Ken MacLeod forma parte de la “escuela” de space opera británica (y más específicamente escocesa) que surgió a mediados de los noventa a las estela de Iain Banks. Destaca, además, por ser uno de los más comprometidos con las políticas de izquierdas (que es lo habitual en el caso de estos autores, con la llamativa excepción de Peter Hamilton), lo que inicialmente supuso un obstáculo para la edición de sus novelas en los EE.UU., aunque luego, y por un breve período, fue asiduo finalista en los grandes premios del género.

Sus siete primeras novelas conforman un par de series compuestas por obras semi independientes. Tras publicar la tetralogía de Fall Revolution (que le reportó ya sus primeras nominaciones), dio inicio en el año 2000 a la trilogía de los Motores Lumínicos con “El Torreón del Cosmonauta” (“Cosmonaut Keep”), que cosechó nominaciones a los premios Arthur C. Clarke y Hugo.

La acción de la novela está dividida en dos hilos que se van alternando. El primero acontece en un escenario de futuro más o menos cercano, en torno al año 2045, en una Europa que tras una Tercera Guerra Mundial ha quedado bajo el dominio de Rusia, conformando la Unión Comunista Europea. Llegados a ese punto, queda establecida una nueva guerra fría (aunque, curiosamente tras el conflicto bélico, aparentemente más distendida y razonable que la original). Allí, el analista de sistemas escocés Matt Cairn, perteneciente a una organización de viejos hackers anarquistas, se ve involucrado en los asuntos de una espía americana, justo cuando su gobierno hace público que llevan meses en contacto con una avanzada especie alienígena.

El segundo hilo se desarrolla en el planeta Mingulay, en un futuro inespecífico en el que la humanidad forma parte de la Segunda Esfera, una especie de comunidad en la que conviven en armonía diversas especies inteligentes, como los saurios, cuyos antepasados fueron transportados desde la Tierra millones de años atrás. Por lo que respecta a los hombres, en su mayor parte han sido traídos en grupos dispersos por los dioses (unos alienígenas omnipotentes, de los que poco más se sabe). La excepción la conforman los navegantes, que supuestamente llegaron a Mingulay por sus propios medios siglos atrás, poseedores además del don de la inmortalidad.

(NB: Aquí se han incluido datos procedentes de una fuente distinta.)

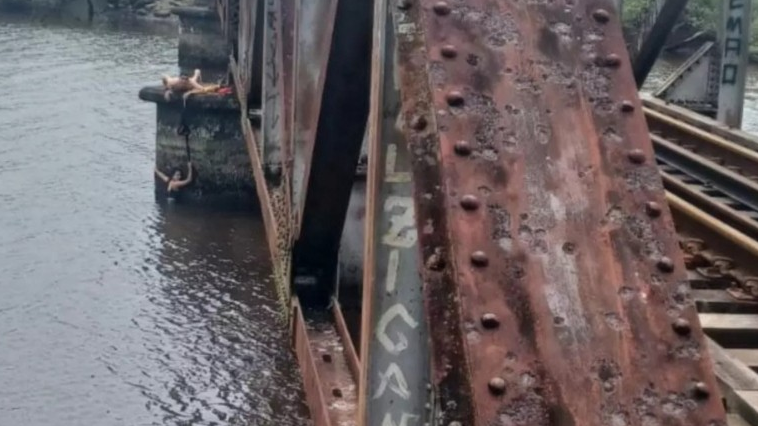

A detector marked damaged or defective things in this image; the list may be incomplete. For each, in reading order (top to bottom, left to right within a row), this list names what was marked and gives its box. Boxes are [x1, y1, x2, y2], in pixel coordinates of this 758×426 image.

rusted bolt [448, 90, 466, 107]
corroded metal surface [358, 1, 430, 424]
rusty steel girder [360, 0, 732, 426]
corroded metal surface [392, 0, 732, 426]
rusted bolt [648, 201, 664, 218]
rusted bolt [472, 250, 490, 266]
rusted bolt [660, 256, 676, 272]
rusted bolt [484, 312, 502, 330]
rusted bolt [676, 318, 696, 334]
rusted bolt [490, 378, 508, 394]
rusted bolt [696, 382, 712, 400] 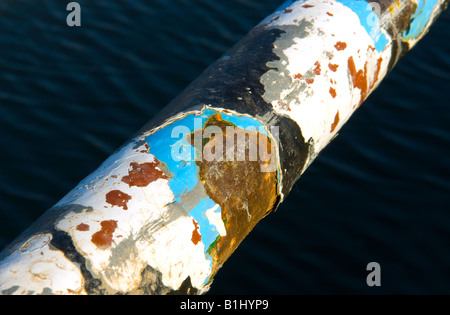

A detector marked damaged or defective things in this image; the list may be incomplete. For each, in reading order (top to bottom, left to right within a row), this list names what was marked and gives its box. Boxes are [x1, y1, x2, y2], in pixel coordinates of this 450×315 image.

exposed rust [121, 160, 169, 188]
exposed rust [106, 190, 132, 210]
exposed rust [197, 116, 278, 282]
exposed rust [91, 221, 118, 248] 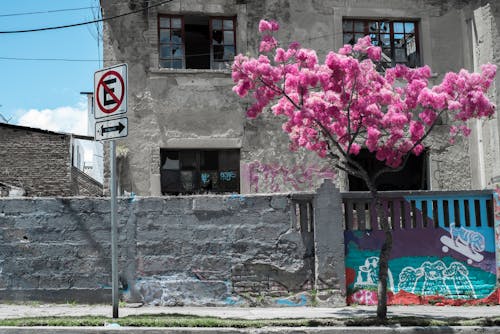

El primer escenario se organiza básicamente como una novela de espías, con tímidos elementos cyberpunk, alcanzando también el espacio, con la base europea Almirante Titov, que es donde se ha verificado el contacto alienígena. En cuanto al segundo, es más difícil de caracterizar, porque básicamente no ocurre nada relevante en una búsqueda contemplada tangencialmente del antiguo secreto de la navegación interestelar, así que su interés descansa sobre todo en la descripción de la extraña sociedad mixta (y sus múltiples anacronismos), con aderezos como la cultura mercader (que viaja entre mundos a bordo de naves lumínicas pilotadas por krakens).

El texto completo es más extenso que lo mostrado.